### TASK ITEM
Scan each line of the entries below for the word "Used" and count the ones where it appears. The answer is that number alone.

### RECORDS
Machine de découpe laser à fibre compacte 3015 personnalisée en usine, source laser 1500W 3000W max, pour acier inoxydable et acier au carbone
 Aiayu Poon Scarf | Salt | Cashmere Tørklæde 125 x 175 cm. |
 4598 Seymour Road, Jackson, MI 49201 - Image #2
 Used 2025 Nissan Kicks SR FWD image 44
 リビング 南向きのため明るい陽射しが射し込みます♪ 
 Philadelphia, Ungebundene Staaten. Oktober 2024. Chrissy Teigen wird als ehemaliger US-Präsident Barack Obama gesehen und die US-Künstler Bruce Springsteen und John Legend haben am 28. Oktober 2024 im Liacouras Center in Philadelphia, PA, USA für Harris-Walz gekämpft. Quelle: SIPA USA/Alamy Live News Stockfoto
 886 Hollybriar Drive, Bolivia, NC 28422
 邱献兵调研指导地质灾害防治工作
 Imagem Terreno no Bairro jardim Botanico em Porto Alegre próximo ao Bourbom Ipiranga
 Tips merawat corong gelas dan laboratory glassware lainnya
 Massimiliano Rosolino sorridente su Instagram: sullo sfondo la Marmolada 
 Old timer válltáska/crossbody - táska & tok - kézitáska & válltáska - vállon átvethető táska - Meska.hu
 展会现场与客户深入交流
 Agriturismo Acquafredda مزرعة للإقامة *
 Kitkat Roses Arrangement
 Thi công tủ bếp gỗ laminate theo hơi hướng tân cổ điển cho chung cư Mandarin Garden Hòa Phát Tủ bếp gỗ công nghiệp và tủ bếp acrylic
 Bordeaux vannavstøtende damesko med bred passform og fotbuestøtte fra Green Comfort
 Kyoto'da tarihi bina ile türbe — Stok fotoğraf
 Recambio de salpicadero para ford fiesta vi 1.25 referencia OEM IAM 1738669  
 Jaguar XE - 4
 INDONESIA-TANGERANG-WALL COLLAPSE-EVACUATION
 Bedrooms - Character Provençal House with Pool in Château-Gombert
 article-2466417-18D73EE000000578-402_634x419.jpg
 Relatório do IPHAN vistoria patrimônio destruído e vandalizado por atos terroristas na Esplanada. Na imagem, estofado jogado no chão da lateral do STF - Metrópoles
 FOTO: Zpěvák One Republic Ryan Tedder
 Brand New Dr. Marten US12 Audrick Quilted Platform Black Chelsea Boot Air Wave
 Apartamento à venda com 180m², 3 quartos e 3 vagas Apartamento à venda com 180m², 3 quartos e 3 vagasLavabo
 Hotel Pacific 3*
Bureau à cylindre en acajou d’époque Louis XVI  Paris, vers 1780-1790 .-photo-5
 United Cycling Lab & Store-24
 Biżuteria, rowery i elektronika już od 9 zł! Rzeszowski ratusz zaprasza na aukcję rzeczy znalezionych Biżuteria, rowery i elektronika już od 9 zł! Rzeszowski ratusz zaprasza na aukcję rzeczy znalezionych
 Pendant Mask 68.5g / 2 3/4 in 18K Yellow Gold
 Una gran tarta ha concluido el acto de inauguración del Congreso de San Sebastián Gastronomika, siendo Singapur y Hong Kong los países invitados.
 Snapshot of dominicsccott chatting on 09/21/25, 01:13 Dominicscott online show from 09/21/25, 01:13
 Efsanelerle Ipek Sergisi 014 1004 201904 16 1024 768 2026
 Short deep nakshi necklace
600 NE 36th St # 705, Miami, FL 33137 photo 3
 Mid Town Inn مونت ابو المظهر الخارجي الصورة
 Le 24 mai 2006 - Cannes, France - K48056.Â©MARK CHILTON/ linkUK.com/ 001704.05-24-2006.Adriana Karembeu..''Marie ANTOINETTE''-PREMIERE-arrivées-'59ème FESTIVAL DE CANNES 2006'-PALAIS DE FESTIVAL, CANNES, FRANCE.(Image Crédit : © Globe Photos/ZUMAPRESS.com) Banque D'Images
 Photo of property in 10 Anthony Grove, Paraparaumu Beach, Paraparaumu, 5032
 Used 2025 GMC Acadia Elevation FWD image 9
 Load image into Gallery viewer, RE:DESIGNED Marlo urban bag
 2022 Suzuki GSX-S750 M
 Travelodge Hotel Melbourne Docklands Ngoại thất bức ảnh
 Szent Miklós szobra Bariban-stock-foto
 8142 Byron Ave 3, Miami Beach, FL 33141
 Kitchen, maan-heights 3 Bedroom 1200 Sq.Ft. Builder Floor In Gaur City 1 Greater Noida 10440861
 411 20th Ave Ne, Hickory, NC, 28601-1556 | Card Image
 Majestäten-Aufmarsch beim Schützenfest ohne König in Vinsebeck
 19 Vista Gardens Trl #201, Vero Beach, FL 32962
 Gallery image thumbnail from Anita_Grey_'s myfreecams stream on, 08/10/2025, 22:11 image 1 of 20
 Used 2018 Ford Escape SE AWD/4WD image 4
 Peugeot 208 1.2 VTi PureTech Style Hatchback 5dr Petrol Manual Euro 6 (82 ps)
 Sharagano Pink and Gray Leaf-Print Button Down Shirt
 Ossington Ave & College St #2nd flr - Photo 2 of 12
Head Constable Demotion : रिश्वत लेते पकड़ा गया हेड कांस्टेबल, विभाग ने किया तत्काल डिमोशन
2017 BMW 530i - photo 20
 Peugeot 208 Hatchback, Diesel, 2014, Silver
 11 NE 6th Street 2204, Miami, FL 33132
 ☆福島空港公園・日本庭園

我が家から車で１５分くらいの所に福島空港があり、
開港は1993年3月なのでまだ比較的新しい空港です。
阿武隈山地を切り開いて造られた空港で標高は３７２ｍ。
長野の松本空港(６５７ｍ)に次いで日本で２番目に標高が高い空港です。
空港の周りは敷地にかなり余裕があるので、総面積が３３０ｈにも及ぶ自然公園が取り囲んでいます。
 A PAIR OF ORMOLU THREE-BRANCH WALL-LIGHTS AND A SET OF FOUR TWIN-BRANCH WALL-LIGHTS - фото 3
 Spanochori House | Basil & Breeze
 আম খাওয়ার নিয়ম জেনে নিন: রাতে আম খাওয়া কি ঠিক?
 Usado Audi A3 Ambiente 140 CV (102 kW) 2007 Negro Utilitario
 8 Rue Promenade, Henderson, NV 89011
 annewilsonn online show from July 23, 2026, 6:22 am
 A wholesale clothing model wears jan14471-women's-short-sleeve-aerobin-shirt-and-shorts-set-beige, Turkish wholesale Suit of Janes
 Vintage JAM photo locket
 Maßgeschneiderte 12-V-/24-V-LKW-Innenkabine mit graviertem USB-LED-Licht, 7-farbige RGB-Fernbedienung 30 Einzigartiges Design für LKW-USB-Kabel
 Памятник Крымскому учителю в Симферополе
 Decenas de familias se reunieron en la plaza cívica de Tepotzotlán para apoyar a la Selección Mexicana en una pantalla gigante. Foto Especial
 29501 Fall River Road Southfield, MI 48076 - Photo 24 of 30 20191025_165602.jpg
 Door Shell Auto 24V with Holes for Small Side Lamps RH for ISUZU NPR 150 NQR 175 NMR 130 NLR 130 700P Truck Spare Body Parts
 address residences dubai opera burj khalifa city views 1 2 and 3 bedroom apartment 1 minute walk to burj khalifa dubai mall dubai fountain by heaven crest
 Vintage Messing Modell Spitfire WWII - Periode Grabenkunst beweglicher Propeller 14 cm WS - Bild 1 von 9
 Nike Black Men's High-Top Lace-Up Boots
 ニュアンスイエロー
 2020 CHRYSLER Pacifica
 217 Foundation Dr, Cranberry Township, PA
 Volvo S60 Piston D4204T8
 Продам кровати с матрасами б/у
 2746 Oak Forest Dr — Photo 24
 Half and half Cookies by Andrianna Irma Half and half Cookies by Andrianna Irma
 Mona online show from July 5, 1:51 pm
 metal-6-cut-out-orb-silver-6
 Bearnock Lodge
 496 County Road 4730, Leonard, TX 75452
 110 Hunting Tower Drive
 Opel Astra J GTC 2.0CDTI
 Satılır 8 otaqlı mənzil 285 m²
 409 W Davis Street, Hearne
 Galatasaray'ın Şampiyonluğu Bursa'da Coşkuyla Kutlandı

### FINISHED TASK
3